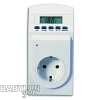 Thermo-timer 0-40C, 3500W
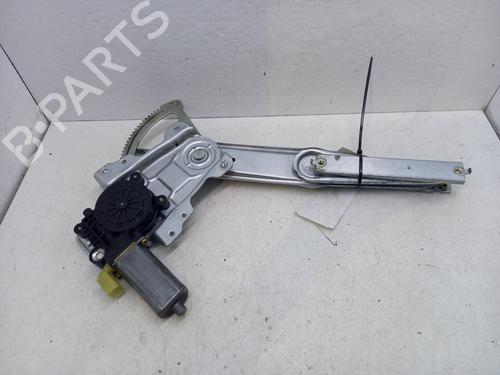 Rudehejsemekanisme ventre foran TOYOTA YARIS (_P1_) 1.0 (SCP10_, SCP10R) (65 hp) 32388181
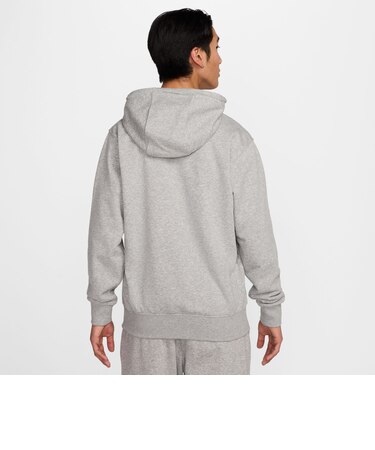ナイキ（NIKE）クラブ フレンチテリー プルオーバー パーカー FN3867 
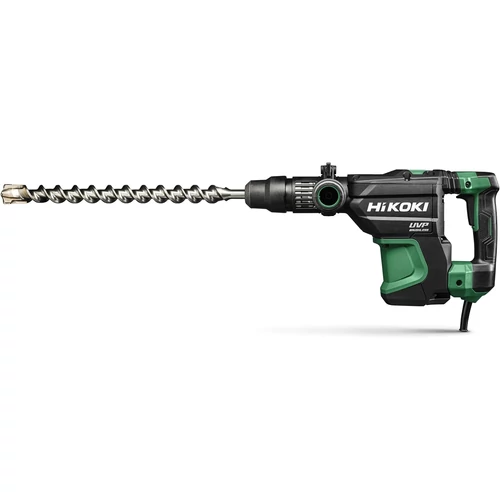 Hikoki DH40MEY2-WSZ Fúró-Vésőkalapács 1150W, SDS-Max, 9,2J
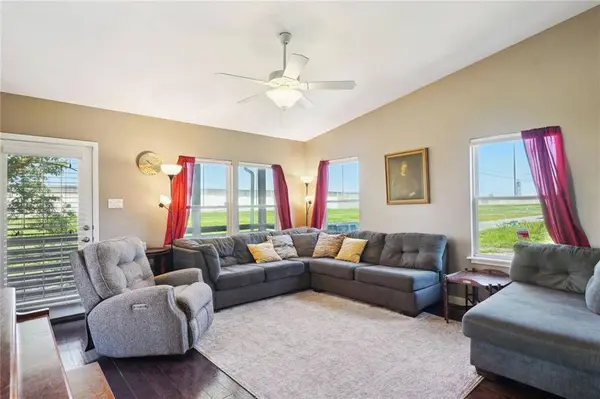 1705 JOURDAN AVE, New Orleans, LA 70117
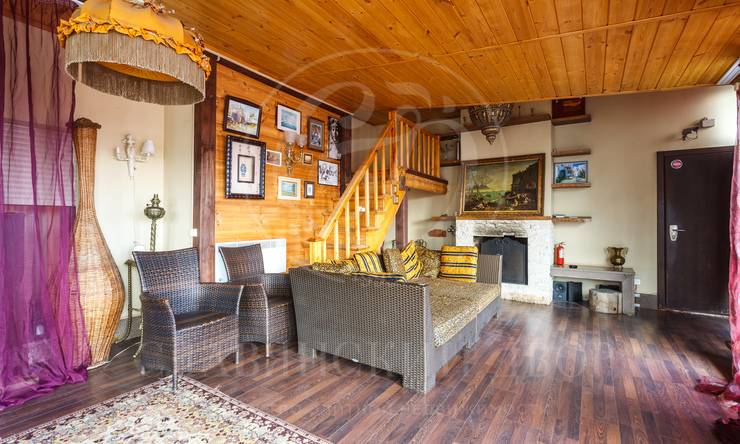 Лот-11030-189296 Аренда квартиры Тверская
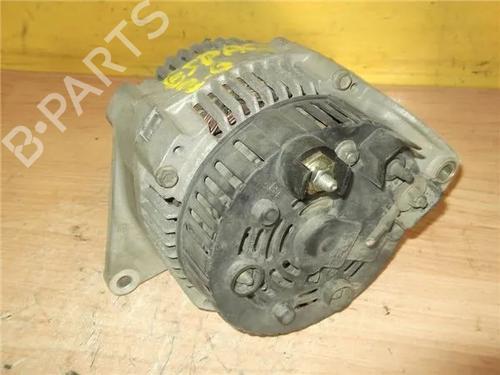 Alternator RENAULT ESPACE III (JE0_) 1.9 dTi (JE0M) | BP12119886M7 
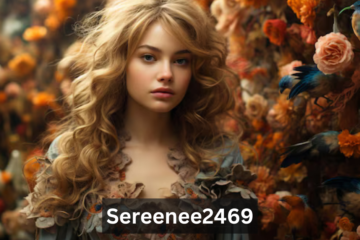 Sereenee2469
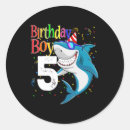 Search for shark jaws stickers Birthday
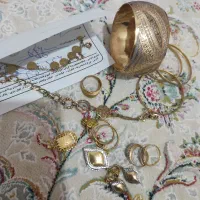 طلای بی اجرت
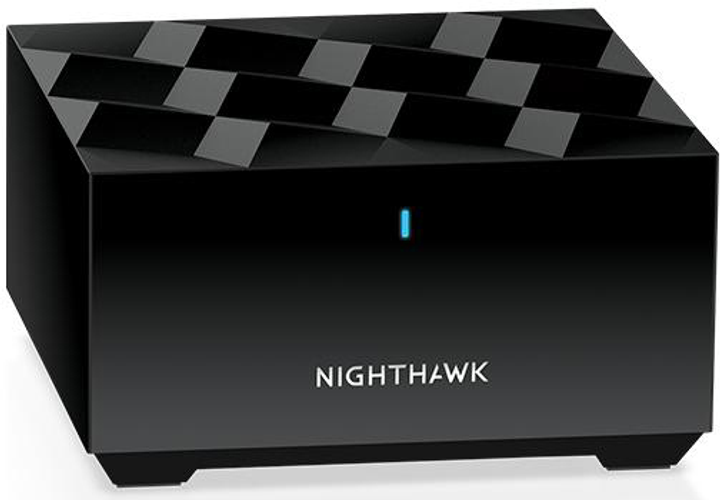 Маршрутизатор Netgear Nighthawk MK62 (MK62-100PES) - зображення 3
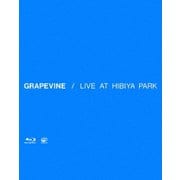 LIVE AT HIBIYA PARK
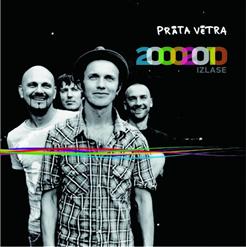 Prāta Vētra — На Заре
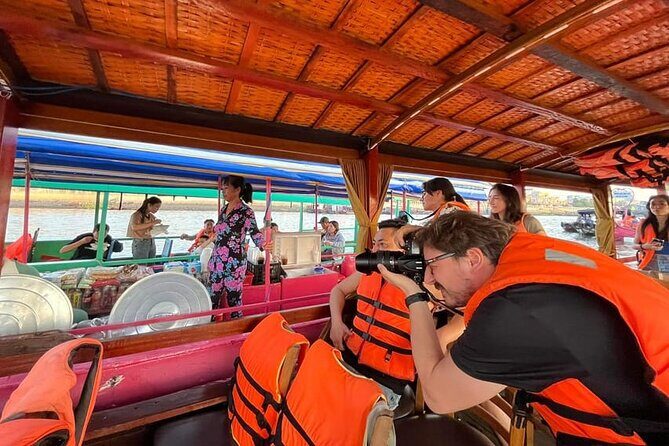 Upper Mekong Delta Day Group Tour from Ho Chi Minh City - Who Is This Tour Best For?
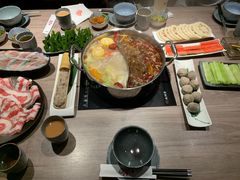 -老鼎旺安格斯牛肉火锅(衡艺广场店)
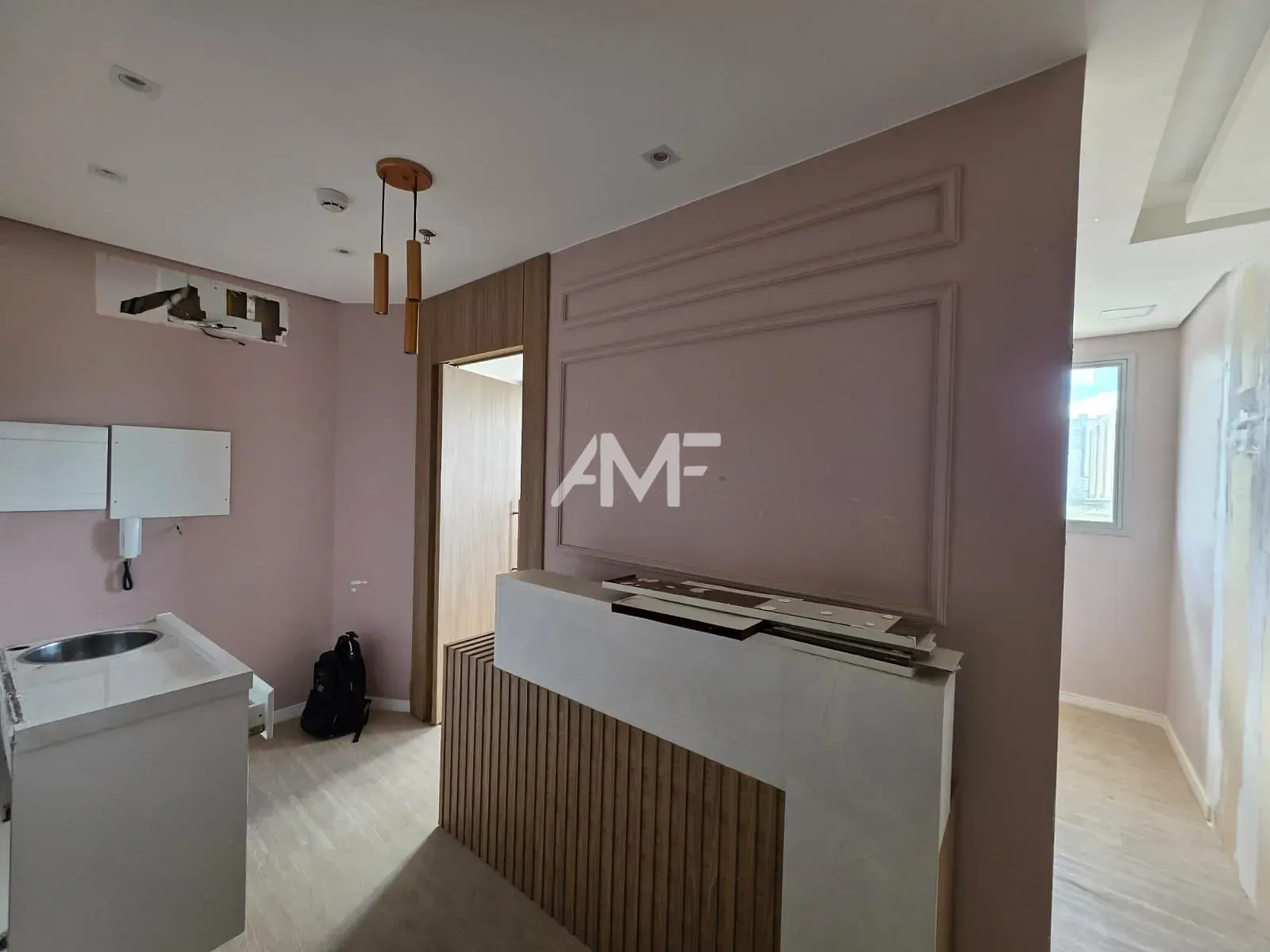 Sala-Conjunto, 34 m² - Foto 16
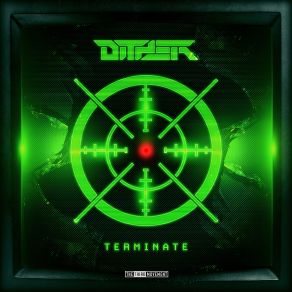 Terminate (Maxi-Single) album cover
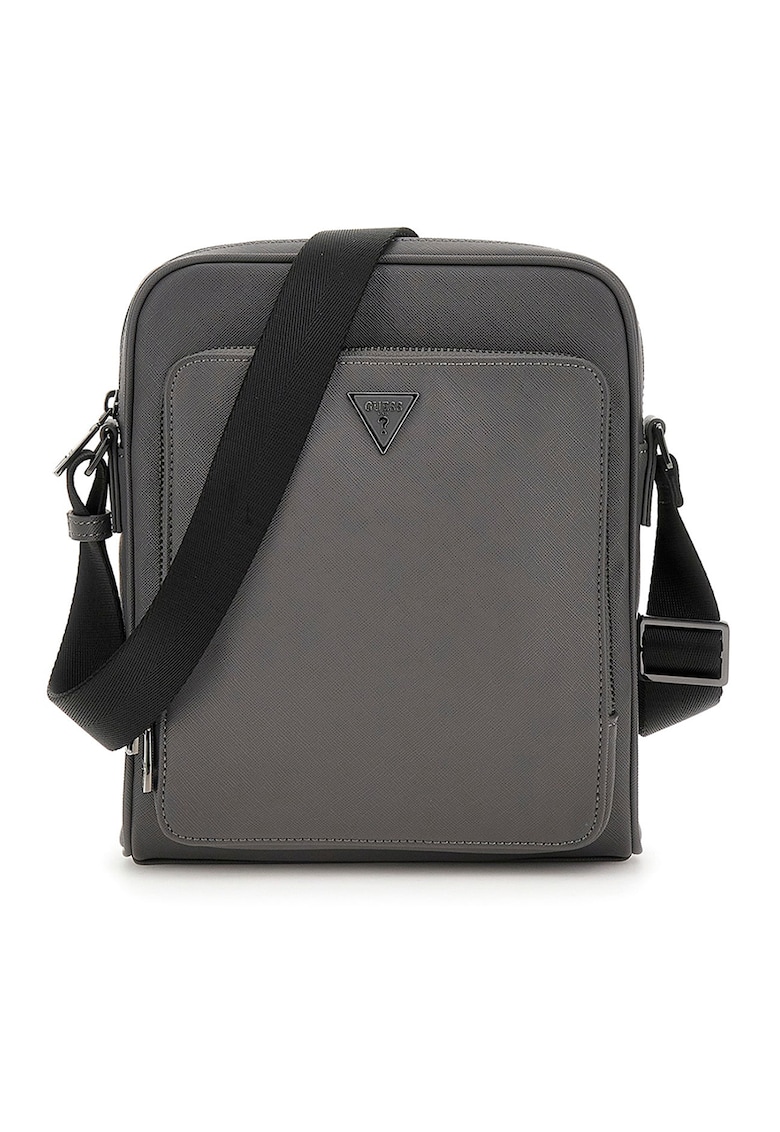 Geanta crossbody din piele ecologica Milano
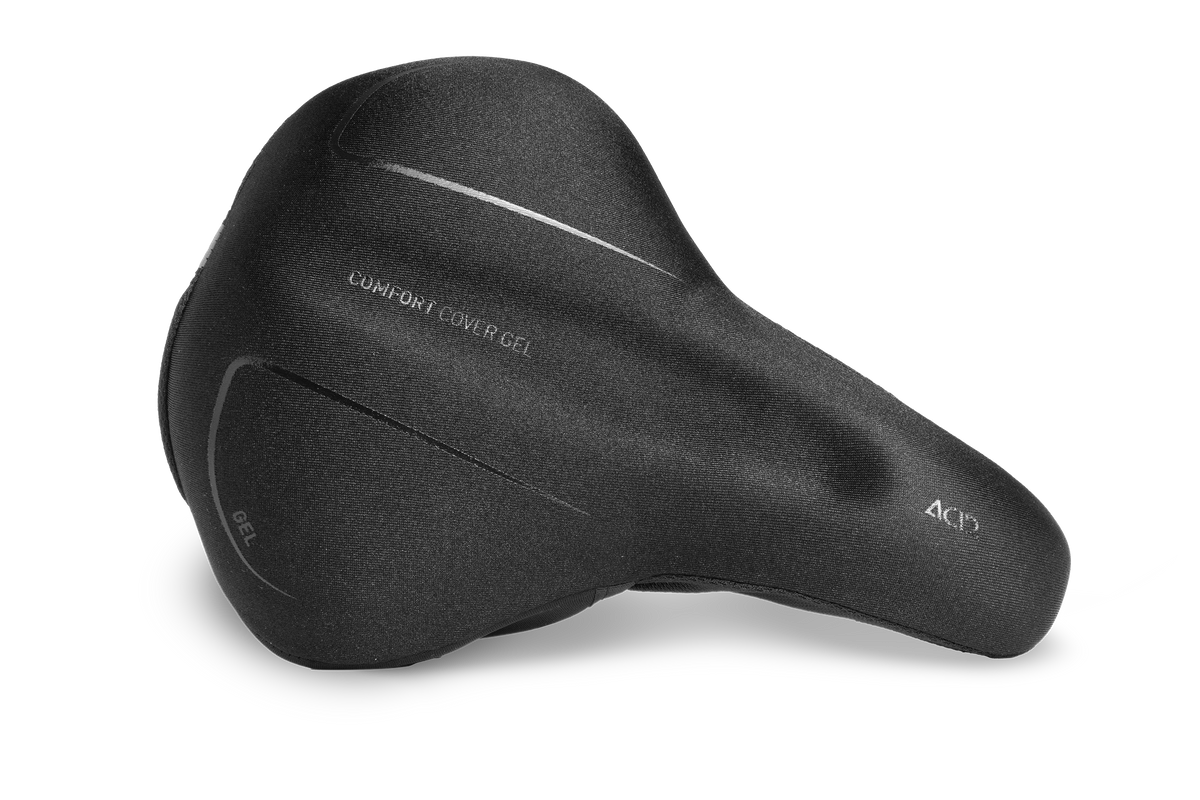Husa Sa ACID Saddlecover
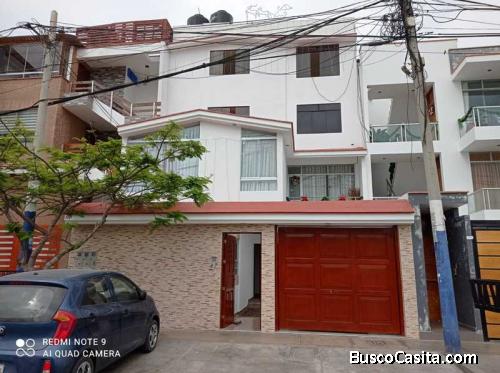 DEPARTAMENTO EN VENTA - ID 210773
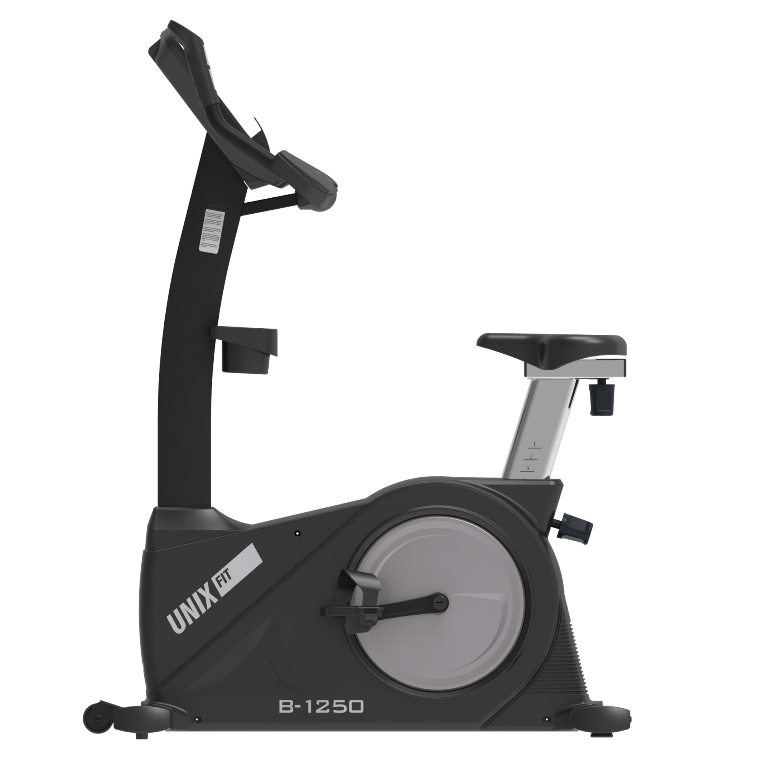 Велотренажер UNIX Fit B-1250 PRO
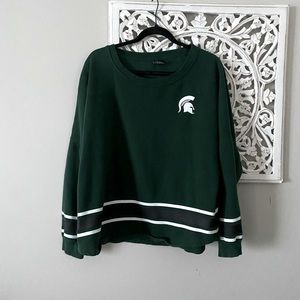 Michigan State Sweatshirt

* _Exercise_: Your reply should repeat the entries above exactly, leaving the pictures out.

* _Reply_:
 Thermo-timer 0-40C, 3500W
 Rudehejsemekanisme ventre foran TOYOTA YARIS (_P1_) 1.0 (SCP10_, SCP10R) (65 hp) 32388181
ナイキ（NIKE）クラブ フレンチテリー プルオーバー パーカー FN3867 
 Hikoki DH40MEY2-WSZ Fúró-Vésőkalapács 1150W, SDS-Max, 9,2J
 1705 JOURDAN AVE, New Orleans, LA 70117
 Лот-11030-189296 Аренда квартиры Тверская
 Alternator RENAULT ESPACE III (JE0_) 1.9 dTi (JE0M) | BP12119886M7 
 Sereenee2469
 Search for shark jaws stickers Birthday
 طلای بی اجرت
 Маршрутизатор Netgear Nighthawk MK62 (MK62-100PES) - зображення 3
 LIVE AT HIBIYA PARK
 Prāta Vētra — На Заре
 Upper Mekong Delta Day Group Tour from Ho Chi Minh City - Who Is This Tour Best For?
 -老鼎旺安格斯牛肉火锅(衡艺广场店)
 Sala-Conjunto, 34 m² - Foto 16
 Terminate (Maxi-Single) album cover
 Geanta crossbody din piele ecologica Milano
Husa Sa ACID Saddlecover
 DEPARTAMENTO EN VENTA - ID 210773
 Велотренажер UNIX Fit B-1250 PRO
 Michigan State Sweatshirt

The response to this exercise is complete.